- What is needed -
This exercise requires an exact output of the listing, images omitted.

- Data shown -

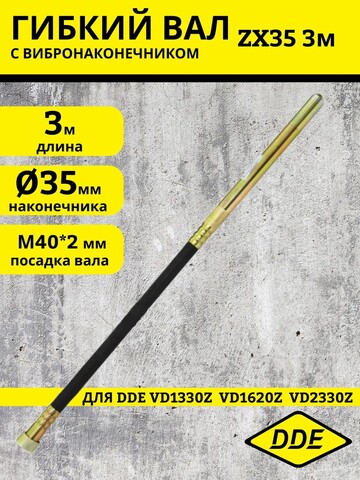 Вал гибкий с вибронаконечником DDE ZX35 3 м к VD1330Z, VD1620Z, VD2330Z (241-710)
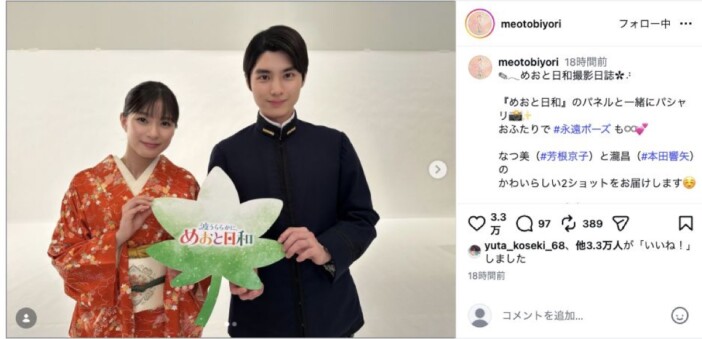 『めおと日和』芳根京子&本田響矢が“永遠ポーズ” 衣装姿で寄り添う仲睦まじい2ショット
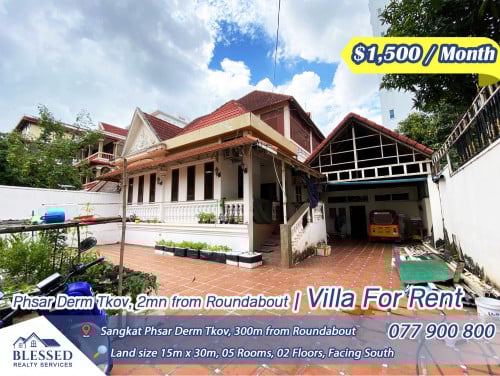 Sangkat Phsar Derm Tkov, 2mn from Roubabout 💥 Villa for Rent 💥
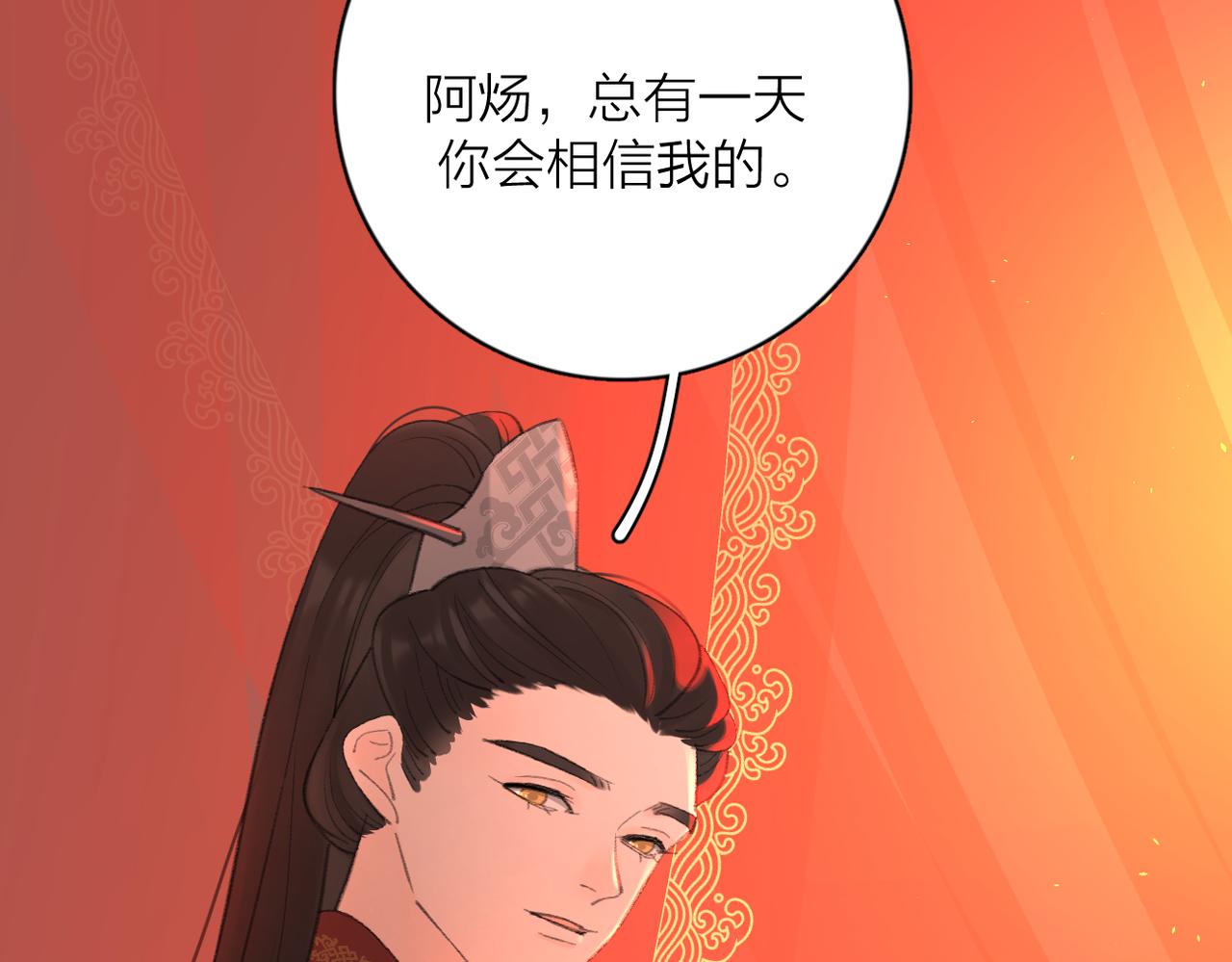 第53话 深情59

- Expected output -
 Вал гибкий с вибронаконечником DDE ZX35 3 м к VD1330Z, VD1620Z, VD2330Z (241-710)
 『めおと日和』芳根京子&本田響矢が“永遠ポーズ” 衣装姿で寄り添う仲睦まじい2ショット
 Sangkat Phsar Derm Tkov, 2mn from Roubabout 💥 Villa for Rent 💥
 第53话 深情59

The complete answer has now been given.